The Northern Pass Transmission project ran into an obstacle Thursday when New Hampshire regulators rejected a permit for construction.
A panel appointed by the Massachusetts government selected Northern Pass just last week from among 46 proposals to bring clean energy to the state. The developers, Eversource and Hydro-Quebec, expressed confidence at the time that the outstanding permit would be granted and construction could begin this spring.
The unanimous vote by the New Hampshire Site Evaluation Committee (SEC), citing impacts on local tourism and business, proves that confidence was misplaced.
Eversource responded that it was "shocked and outraged," according to the Boston Globe, and vowed to appeal the decision. The company maintains that the body of evidence supports its application.
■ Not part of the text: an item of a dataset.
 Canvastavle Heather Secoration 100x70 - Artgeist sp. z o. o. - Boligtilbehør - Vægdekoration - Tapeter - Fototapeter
The $1.6 billion Northern Pass would entail a 192-mile, 1,092-megawatt transmission line to carry hydropower electricity from Quebec through New Hampshire, underground through the White Mountains and out to Massachusetts on the other side. The developers insist that more than 80 percent of the line would slip into existing right of ways or be buried underground to avoid disruption.
That hasn't stopped clean energy advocates and conservationists alike from opposing the project. Greentech Media recently examined the multi-sided controversy in this article.
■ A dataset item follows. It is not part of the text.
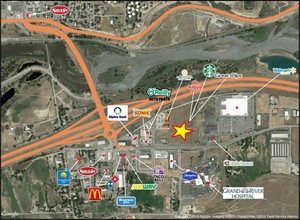 Airport Rd & Megan Ave, Rifle, CO - aerial  map view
One major concern, that Massachusetts was putting all its eggs in one basket by choosing to procure so much clean energy from a single project, has been borne out by the New Hampshire ruling.
The deciding committee in Massachusetts, which includes the state's utilities (including Eversource itself) and the Department of Energy Resources, will have to explain why it didn't consider the lack of a New Hampshire construction permit to be an obstacle. Numerous other proposals avoided New Hampshire altogether.
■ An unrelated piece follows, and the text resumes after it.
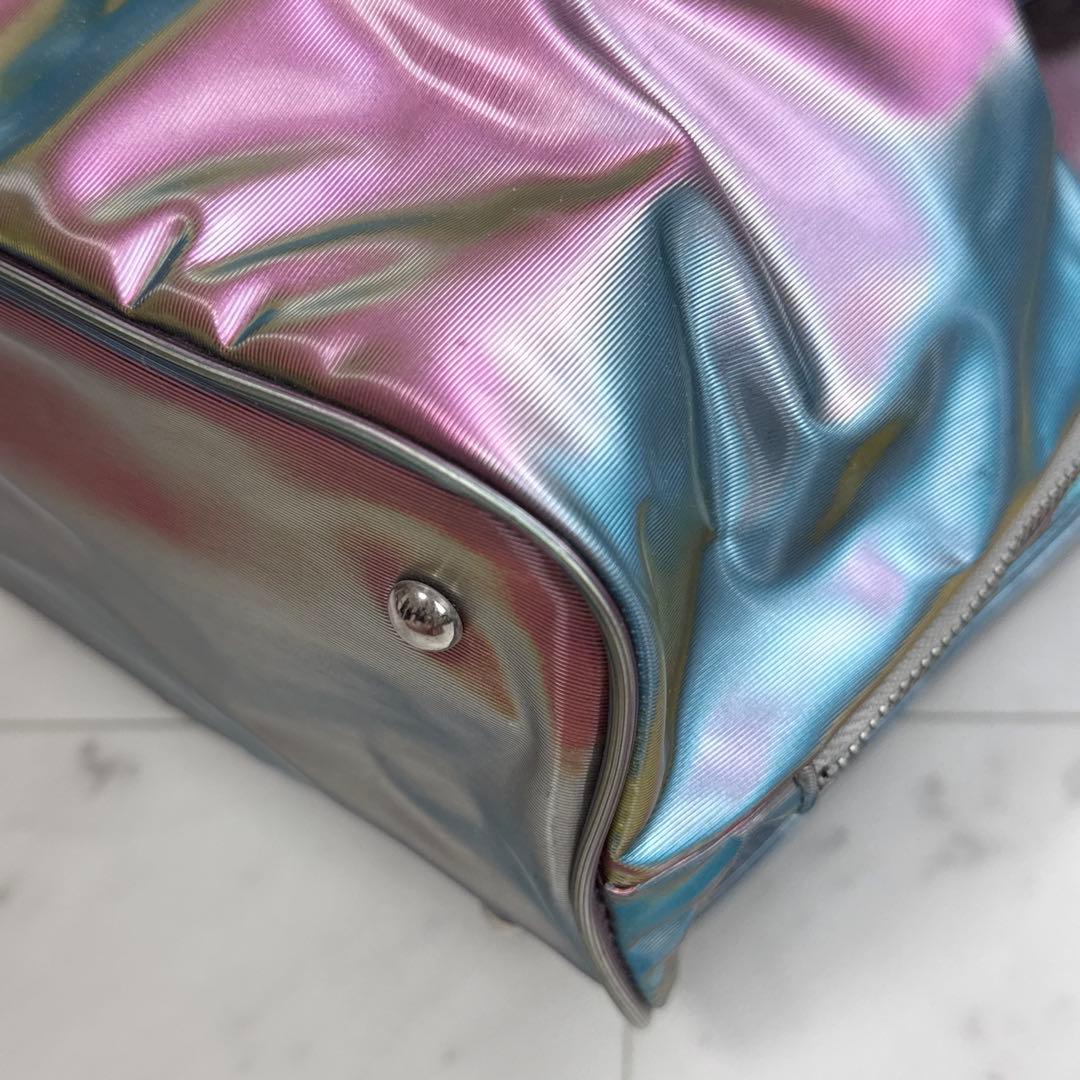 希少 ジャンポールゴルチエ JPGリュック 玉蟲 ブルー ピンク ネオンPVC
The rapid-fire rejection by the SEC makes the situation all the more embarrassing for Gov. Charlie Baker's administration, which spent last week touting how excited it was about the choice of Northern Pass.
"We had a lot of good options, and this is the one that rose to the top," DOER Commissioner Judith Judson said of the project just last week.
This saga isn't over yet. It's hard to see how Eversource could flip a unanimous commission on appeal, but eventually it could go to the state Supreme Court to overturn the SEC's decision. In the meantime, it won't be able to start building on the hasty production schedule it had proposed in order to deliver power by the close of 2020.
It's not yet clear what options Massachusetts has to pursue while the legal battles next door sort themselves out. If the state waits for the final decision on Northern Pass, it almost certainly won't get the power as originally planned, which could jeopardize its legislative commitments to reducing carbon emissions.
The planned 2019 retirement of the Pilgrim nuclear plant will only exacerbate the need for more clean electricity.
Meanwhile, the 45 other proposals are sitting on a shelf somewhere. Some would produce renewable energy locally; some would bring it from Canada via other routes with less grassroots opposition.
Massachusetts will have to decide how long to wait for Northern Pass to pull through, or whether it can change plans at this stage of the process.